I blame its unpopularity on Bugs Bunny and the general cuteness of rabbits, although as a gardener, I wish they were on every plate in every household at least once a week. And did I mention that it tastes great?

At Blvd Tavern they utilize the entire animal. The loin (and belly flap) is treated as a cutlet for breaded and fried schnitzel, a great way to utilize a very lean cut of meat. It is served with a delicious housemade pork sausage, caviar-like Beluga lentils, and Brussels sprouts flaked into individual leaves.


The leg meat (my favorite and also the most flavorful part of the rabbit) is utilized in flavorful enchiladas, braised in a complex mole sauce, dressed with Mexican crema. The portion is much more than one would imagine from the “small” plates section. And kudos to Blvd Tavern for sourcing locally produced rabbit from R&K Rabbitry in Plattsburg, Missouri. I dare you to try to find a rabbit in a grocery store in Kansas City that didn’t travel here all the way from China.

The menu is relatively consistent from lunch to dinner, but there are a few items like the Reuben, a fabulously rich sandwich of house-made corned beef, Swiss cheese and lightly pickled red cabbage on toasted marble rye, that are available only at lunch. After appetizers, we were unable to finish the filling sandwich, but the unfinished half reheated beautifully (thanks, no doubt, to its richness) for an impromptu happy hour at home.

One of the items we sampled, available at both lunch and dinner, was the daily grind burger, a 100 percent beef chuck patty topped with melted Swiss cheese, savory-sweet red wine shallot jam, and peppercorn mayo. Served with a side of unadorned fries, it was a respectable burger, meeting all of my requirements for a member of the species. “Sometimes,” a famous chef friend once told me, “you don’t need to be blown away—it just needs to be good.”


Another good but not-mind-blowing-dish is the farmed Idaho trout, sautéed and served with pecan-studded wild rice, a veritable mountain of braised greens, and a mustard seed and bacon vinaigrette. All in all, a good dish, something you might make at home if you actually cook—which chances are, you never will do. If the execution of these dishes was any indicator, I can’t wait to go back to try the beer-battered cod, the garlic-herb rubbed brick chicken and the Gulf shrimp and Anson Mills cheddar grits.

For dessert, we shared a lemon curd tartelette, more or less textbook in execution, but with lots of tart, citrusy curd and berries piled inside a crunchy pastry shell, topped with orange-infused whipped cream. Nothing wrong with that. If you’re looking for a really simple conclusion to the meal, Blvd Tavern also features a daily selection of ice creams and sorbets. If they have the coconut-lime sorbet, go with that one. It was delicious.

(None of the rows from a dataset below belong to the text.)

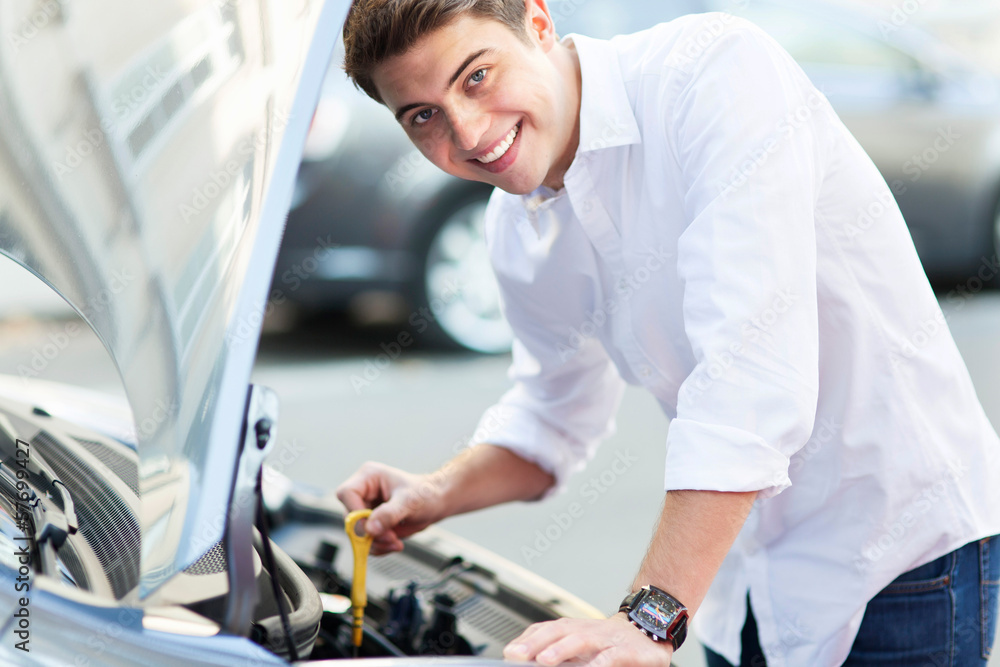 Man checking oil level in car Man checking oil level in car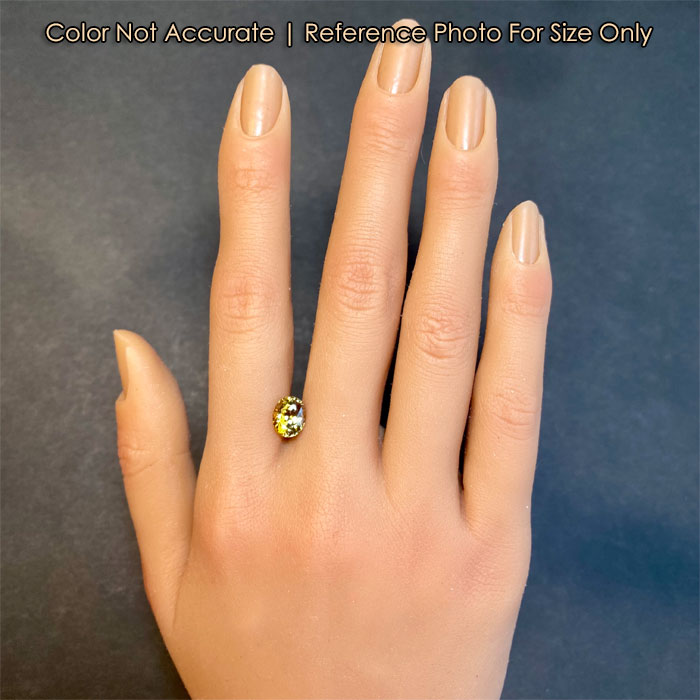 tanzanite gemstone yellow on hand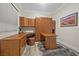 This office features a stylish wooden desk and a pull-down Murphy bed for versatile use of the space at 30 Via Mantova # 109, Henderson, NV 89011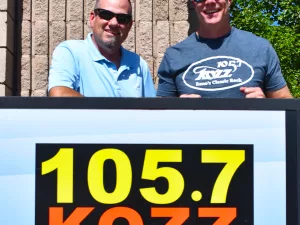 Kevin & Jay standing by sign with KOZZ logo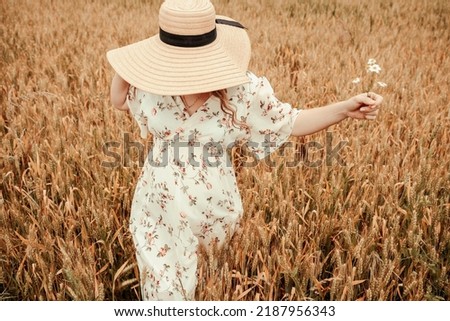 Woman field wheat. Happy young woman in sun hat in summer wheat field at sunset. Nature, summer holidays, vacation and people concept.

Last but not least, the service staff could not have been any more pleasant. They were always friendly and courteous, even the trainee on one of our visits. Although the drinks took a while—but it is a craft bar, so what else should one expect—they were well worth the wait. Besides, if you’re feeling casual and hungry, and want something with a little bit more than you would make at home or a little bit more interesting than what you would find at your neighborhood bar and grill, I can think of few better ways to pass some time than at Blvd Tavern.